Hello guys, need help to understand this
We are seeing stall counts happening at a method we instrumented on our custom pbd, but the response times for that method (we checked max/min) are never greater than 15k ms.
Here is what our metrics look like:
We have a max of 8 threads that could invoke this class/method so we believe that the stall toping a count of 7 is not a coincidence, but we just do not understand why the stall is showing up on the method that is invoked and not on the caller.
We are also not seeing stall error (error tab) for this method/class, anyway to force that to show up there?
Are you sure that the call actually ends? I mean, Avg response time shows up when the call ends, but stall count reports when transactions are active. So, if there is anything that just kills the stalled transaction, but does not let it end correctly, we might lose contact with the call, and might not see a response time.
It's a guess, I don't know if this sounds logical to your situation
You must use create an entry in your PBD using the tracer type "ExceptionErrorReporter" in order to increment "Errors Per Interval". Otherwise, EPI will always report zero.
Does the target application use AJAX or reverse proxy AJAX (comet)?
In either case the AJAX will return a response to the request, thus allowing APM to register the Average Response Time, but the thread is still opened and could be forming additional responses/data, or browser call back along the AJAX path. This would keep the thread alive which would trigger the stall counts.
Hope this helps,
Thanks for the insights,
This is basically how the app is structured:
there is a pool of threads that are always up (sleep/running when it makes sense) when running, each of these threads might call that class/method we are instrumenting.
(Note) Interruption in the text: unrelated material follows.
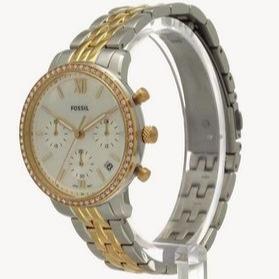 Fossil Neutra ES5216 two-tone chronograph watch side view showing case profile and bracelet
The threads are also being monitored and actually show the endless stalls and huge response times. But I still dont understand why the method that is called on another class behaves like that.
There should not be anything killing the transaction (at least not that we know of so far )
We are actually already using the ExceptionErrorReporter, we do see the stall errors from the threads we are monitoring, but none from this class/method.
We do not have an ajax/comet running but we do have some threads that we keep on, but from the graphics, the weird thing is that we see the stalls coming and going, so I expected that at some point the response time would be computed. Now if we look at the threads we are monitoring they show a constant number of stalls (as expected).
I'm on shaky ground on this but from what I know, the average response time is the java agent/auto probe listening for the request, method call, and the response or return of the method call.
The Stall metric is based on the active thread id and monitors threads within the thread pool of the JVM. Autoprobe/java agent will capture the thread ids within the thread pool and compare the active thread ids to the previously captured thread ids.
This would be like a J2EE data source or EJB pool.
I'm going to try to provide an example of what I think I know...again shaky ground ahead.
1. Request is sent from client to server
2. Server uses a process thread, web container thread from the web container pool. Thread 1234
3. Autoprobe - stall captures that thread 1234 is within the current metric measurement cycle
4. Autoprobe - average response time clocks request on 1234
5. Web container thread processes the request which includes a call to your process thread pool
6. Process thread pool currently has no threads within the thread pool so creates thread 5678
7. The process thread pool assigns thread 5678 to the thread 1234 transactional context
8. Autoprobe - average response time clocks request on 5678
9. Autoprobe - stall captures that thread 5678 is within the current metric measurement cycle
10. Thread 5678 processes the request and returns the data response
11. Autoprobe - clocks response on 5678, determines average response time on thread 5678
12. Process thread pool returns response to thread 1234
13. At this point, the thread 5678 is returned to the process thread pool and still listed within the threads of the JVM. Since your custom thread pool isn't one of the standard JVM thread pools, auto-probe would not recognize that the thread is a thread in a pool and monitors it like any other JVM thread.
14. Web Container thread 1234, returns response to original client thread
15. Autoprobe - clocks response to 1234 determines average response time on thread 1234
16. Autoprobe enters next measurement cycle
15. There are no client threads but the thread enlisted at step 11 is still active. Stall captures that thread 5678 is still active
16. Now, if that thread ages out of the pool or gets used by another then the stall capture, I'm guessing, would then understand that the thread is processing a different request thus resetting the stall marker. If not each cycle that the pool exists, it becomes another stall tick
17. If the thread is still marked for presence within the JVM thread pool for one more cycle then it is reported as a stall.
Hoping Hiko_Davis will correct me so I can understand how the ART and stall stuff works.
Stalls come from BlamePointTracer.
Incrementing EPI comes from ExceptionErrorReporter.
Make sure you have both in your PBD.